Crowning a true champion

Major college football should adopt playoff system out of sense of fairness

Saturday, July 4, 2009 | 2:04 a.m.

It won’t be long before American sports fans enjoy the kickoff of the 2009 college football season and begin debates over the best teams and conferences in the country.

As the regular season winds down each November and the better teams get invited to participate in financially lucrative bowl games, one question inevitably arises: Which two teams deserve to play in the national championship game?

In other team sports, both at the professional and collegiate levels, a playoff system determines the finalists. Not so in major college football, which instead has what is known as the Bowl Championship Series, or BCS.

The BCS selects its two championship participants by relying on a Byzantine mixture of polls and computer rankings that appears as complex as the formula for an atomic bomb.

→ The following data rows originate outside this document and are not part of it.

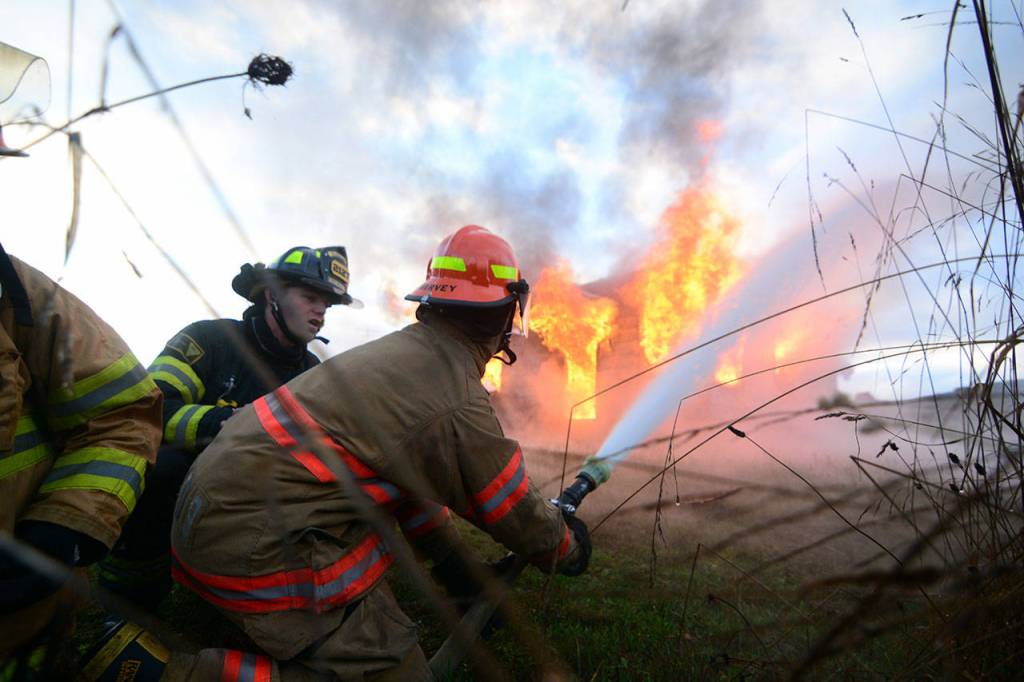 Firefighter Tyler Gear of Clallam County Fire District No. 2 coaches 16-year-old Brandon Harvey as he sprays water during the live fire training. (Jesse Major/Peninsula Daily News)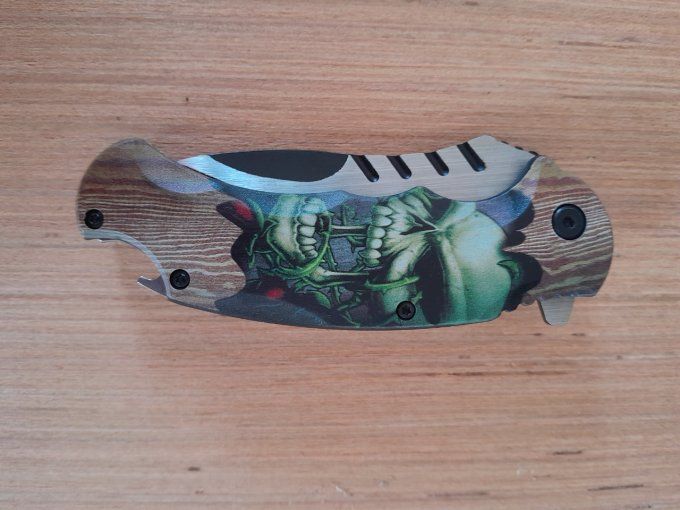 Couteau tête de mort verte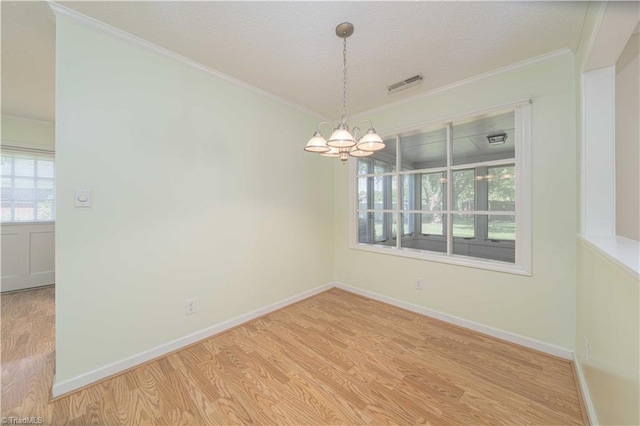 640 Summerest Ct, Kernersville, NC 27284 - spare room featuring a chandelier, wood finished floors, crown molding, and a textured ceiling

The result is that other seemingly worthy teams are unfairly left on the sidelines, relegated to lesser bowl games.

A perfect example occurred last year when the undefeated University of Utah, which competes with UNLV in the Mountain West Conference, was shut out of the national championship game. Instead, the two participants, the Universities of Florida and Oklahoma, each entered the game with one loss. Utah had to settle for a 31-17 victory against the University of Alabama in the Sugar Bowl to complete its perfect season.

Sen. Orrin Hatch, R-Utah, understandably is upset with the way the BCS system works. He has called for a congressional hearing to determine whether college football may be violating antitrust laws by restricting competition. But we think Congress has far more serious issues to deal with.

That said, there is no question that major college football should switch to a playoff format that would be fairer than the current system while doing a better job of crowning a true champion. Until that happens, we will be left wondering whether the winner of the championship game is truly the best team in college football.